Insoweit der Revisionswerber seine Gegenforderungen auf eine Solidarhaftung mehrerer Schädiger nach § 1302 ABGB ins Treffen führt, ist ihm entgegenzuhalten, daß es hier auf die Gewichtung des Mitverschuldens der Beteiligten nach § 1304 ABGB ankommt. Entscheidend ist die Intensität des Verschuldens der einzelnen Beteiligten. Der geschädigte Besteller hat das in seine Sphäre fallende Verschulden der beiden Nebenintervenienten zu vertreten. Ihm stehen nicht mehrere Schädiger gegenüber, sondern nur der Kläger, dessen Verschulden demjenigen der Nebenintervenienten gegenüberzustellen ist. Die vom Revisionswerber vermißte Gesamtschau durch quotenmäßige Bestimmung der Verschuldensanteile auch der beiden Nebenintervenienten wäre nur bei einer Mehrheit von Schädigern erforderlich, die dem Geschädigten gegenüberstehen, nicht aber in dem Fall, wo die mehreren Schädiger sich auf seiten des Geschädigten finden (vgl dazu Reischauer in Rummel ABGB II2 Rz 6 zu § 1304). Der angeführten Rechtsfrage kommt hier aber schon deswegen keine entscheidungswesentliche Bedeutung zu, weil der Wunsch des Klägers (im Rahmen der zeitlichen Koordination der Arbeiten), den Motor schon auf dem noch nicht fertigen Teilstück der Tragkonstruktion aufhängen zu dürfen, weder schadenskausal noch rechtswidrig war. Schadenskausal war die mangelhafte Teilkonstruktion infolge Verwendung falscher Ösen und die Genehmigung der Aufhängung durch das Schlossereiunternehmen. Selbst wenn aber die Verletzung einer vertraglichen Pflicht durch den Kläger als schadenskausal feststünde, müßte nach den Feststellungen für den Verschuldensbereich von einem derartig in den Hintergrund tretenden Verschulden des Klägers ausgegangen werden, daß der beklagte Besteller den Schaden allein zu tragen hätte (Reischauer aaO Rz 5 mit Nachweisen aus der Judikatur). Aus diesem Grund kommt auch der weiters relevierten Frage über die Bedeutung der Verträge zwischen den Parteien bzw. zwischen der Beklagten und den beiden Nebenintervenienten, keine entscheidungswesentliche Relevanz zu. Die Gewichtung der Verschuldensanteile des bauausführenden Unternehmens und des bauüberwachenden Architekten ist für deren Haftung gegenüber der Beklagten bedeutsam. Gegenüber dem Kläger hat die Beklagte - wie schon ausgeführt - beide Verschuldensanteile zu vertreten. In ihrer Gewichtung von zusammen sieben Achteln liegt kein Rechtsirrtum.

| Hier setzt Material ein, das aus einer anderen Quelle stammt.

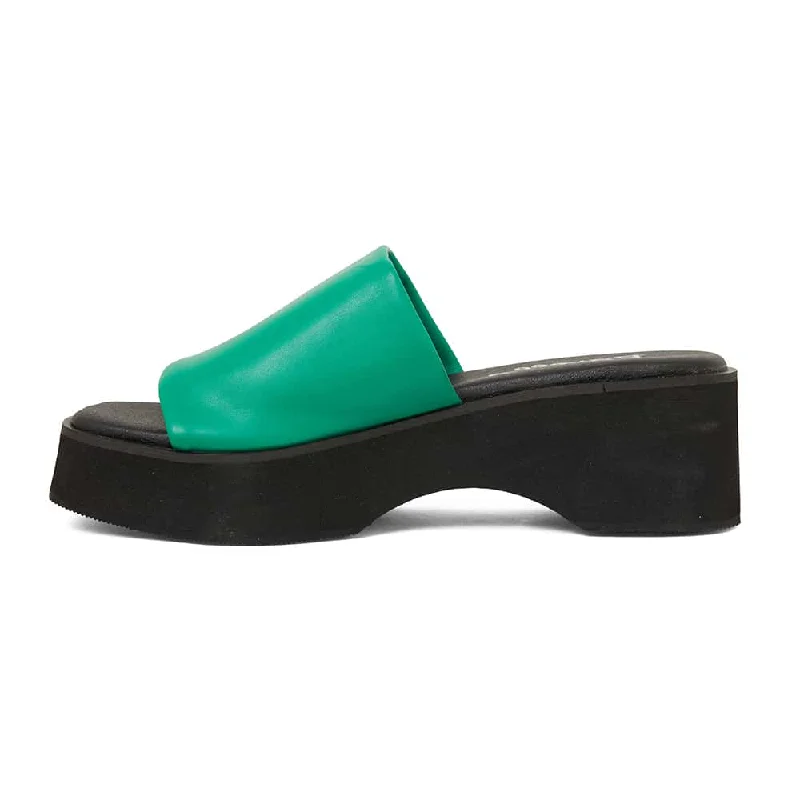 Fiasco Heel in Green Smooth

Zur Relevierung des Punktes 21) der Allgemeinen Bedingungen des

Bauauftrags, wonach der Auftragnehmer bis zur förmlichen Übergabe die

Gefahr von Diebstahl, Beschädigung und Untergang bereits erbrachter

Leistungen trägt, kann auf die zutreffenden Erwägungen der

Vorinstanzen verwiesen werden (§ 510 Abs 3 ZPO).

Der Kläger hat sein Unternehmen in eine Gesellschaft mbH eingebracht.

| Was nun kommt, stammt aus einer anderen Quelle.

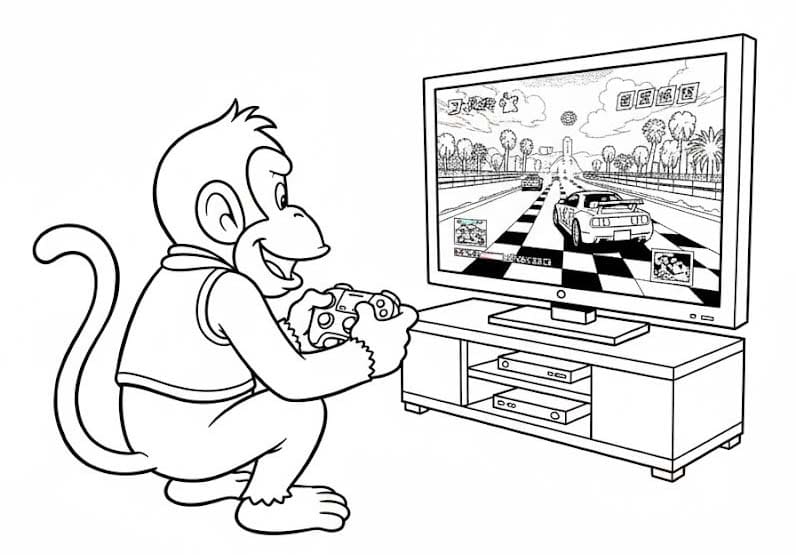 ディディーコング ゲームをプレイする ぬりえ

Seine Aktivlegitimation nach § 234 ZPO ist im Revisionsverfahren

nur mehr hinsichtlich des Zinsenanspruchs strittig. Das

Berufungsgericht hat für die Zeit nach dem Unternehmensübergang

(24.11.1986) eine Kreditaufnahme der übernehmenden Gesellschaft mbH

und die dafür bestehende Zinsenlast festgestellt. Die

Aktivlegitimation des Klägers ergibt sich aber schon aus dem Gesetz

selbst. Die veräußerte, in Streit verfangene Sache ist nicht nur die

Werklohnforderung sondern auch unabhängig von der Höhe - der

Anspruch auf Verzugszinsen (§ 912 ABGB). Nach herrschender

Rechtsprechung ist § 234 ZPO im Sinne der sogenannten

Irrelevanztheorie auszulegen (SZ 57/204). Alles Vorbringen, das sich

aus der Veräußerung und der Person des Erwerbers ergibt, bleibt

ausgeschlossen (Rechberger in Rechberger ZPO Rz 4 zu § 234).